Изобретение Альберта Залетаева опередило время, но с прошлого века «пылится» невостребованным

Звонивший сразу потребовал к телефону директора издательского дома или редактора газеты. По тону чувствовалось – «ниже» общаться не привык. И всё же я спросила, по какому поводу обращение.

Альберт Вениаминович представился, уточнив, что является единственным в России носителем такого имени-отчества. Разве что был его полный тёзка – доктор Цессарский в известном партизанском отряде Медведева.

– Мне 82 года. Ну, вы понимаете, каждый день может быть последним. И я боюсь, что моё изобретение – почвообрабатывающее орудие – уйдёт вместе со мной.
Редактор, выслушав мои доводы, согласилась: «Надо ехать». Не откладывая в долгий ящик решила договориться о встрече.

– Жду, – коротко отозвался Залетаев. – Хотя лучше я сам. Я бы сегодня приехал, но не могу сесть за руль – за обедом выпил 50 грамм.
Причина рассмешила и ещё больше расположила к герою:

– Альберт Вениаминович, вы уж определитесь: вы – «туда» или «с нами»? – обидеть вопросом не боялась, уже поняв, что с чувством юмора там всё в порядке.
Заочное знакомство по интернету открыло многое. На счету изобретателя, конструктора А.В. Залетаева сеть хранит десятки патентов и авторских свидетельств. На счету писателя Александра Альберта – несколько художественных книг.

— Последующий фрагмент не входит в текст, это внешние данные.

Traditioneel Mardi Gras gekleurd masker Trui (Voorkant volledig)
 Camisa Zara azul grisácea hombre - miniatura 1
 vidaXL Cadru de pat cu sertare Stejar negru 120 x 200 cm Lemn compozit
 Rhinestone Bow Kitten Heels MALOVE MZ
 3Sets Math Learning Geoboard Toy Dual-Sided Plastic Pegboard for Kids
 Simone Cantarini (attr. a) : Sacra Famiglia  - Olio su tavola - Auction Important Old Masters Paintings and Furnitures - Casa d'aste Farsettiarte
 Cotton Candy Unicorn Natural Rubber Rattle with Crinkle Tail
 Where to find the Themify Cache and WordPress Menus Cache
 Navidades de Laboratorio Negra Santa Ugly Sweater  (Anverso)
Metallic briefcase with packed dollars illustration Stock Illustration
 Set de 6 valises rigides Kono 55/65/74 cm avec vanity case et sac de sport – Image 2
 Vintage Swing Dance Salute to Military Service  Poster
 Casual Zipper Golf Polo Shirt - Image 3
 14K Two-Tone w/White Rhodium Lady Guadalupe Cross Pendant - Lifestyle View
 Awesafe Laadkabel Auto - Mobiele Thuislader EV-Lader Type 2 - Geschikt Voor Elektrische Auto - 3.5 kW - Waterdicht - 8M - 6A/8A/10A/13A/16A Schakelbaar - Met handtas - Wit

Как Толик стал Альбертом, а Альберт – Александром

Три имени и два дня рождения как будто определили, что мальчишке этому в жизни будет многое дано. Ну, и спросится соответственно. Родился он в достаточно простой семье, но гордиться предками есть повод. Отец преподавал математику и был директором школы в селе Дегонка. В глубину по его линии мужчины были священнослужителями со всеми вытекающими в постреволюционное время последствиями. Маме продолжить семиклассное образование помешали рождение детей и война. Её линия шла от мастеровых чугунно-литейного завода в Песочном (ныне город Киров). Дедушка матери получил ещё при Столыпине пару гектаров земли, где отстроил хутор и собственную кузню. Когда коммунисты захватили это хозяйство, семья перебралась в Дегонку. И уже дедушка Альберта построил дом, в половине которого разместил новую кузницу. По этой части знаменит он был на всю округу.

 

– Про имя история такая: на свет я появился 9 февраля 1939 года. Папа в это время находился на военных сборах, и мама сама назвала меня Анатолием. Вернувшись, отец порвал свидетельство, поехал в соседнее село и там зарегистрировал меня Альбертом (может, в честь Эйнштейна?), родившимся 26 февраля. Дело в том, что их первенец, Анатолий, умер в возрасте восьми месяцев. На этом мои переименования не закончились. Я был некрещёный, поскольку отец выступил категорически против. Но когда он был уже на фронте, бабушка понесла в храм под какой-то праздник бумажку «во здравие», куда записала и раба божьего Альберта. Поп сказал, что это имя нехристианское, имя собачье и читать его во здравие он не станет. Бабушка прибежала домой и переписала ту бумажку. И до 18 лет, до выпуска из мореходки, я был Александром. Кстати говоря, имя Альберт страшно не любил, потому что оно немецкое.

На линии фронта

Повествование одной из биографических книг писателя предваряется чёрно-белым снимком: два мальчонки лет четырёх, в картузах не по размеру, в видавших виды пиджачках, явно перешитых из изношенной одежды старших, стоят с независимым видом на фоне хозяйственных построек. Альку с закадычным другом Толиком Тришкиным сфотографировал кто-то из немцев.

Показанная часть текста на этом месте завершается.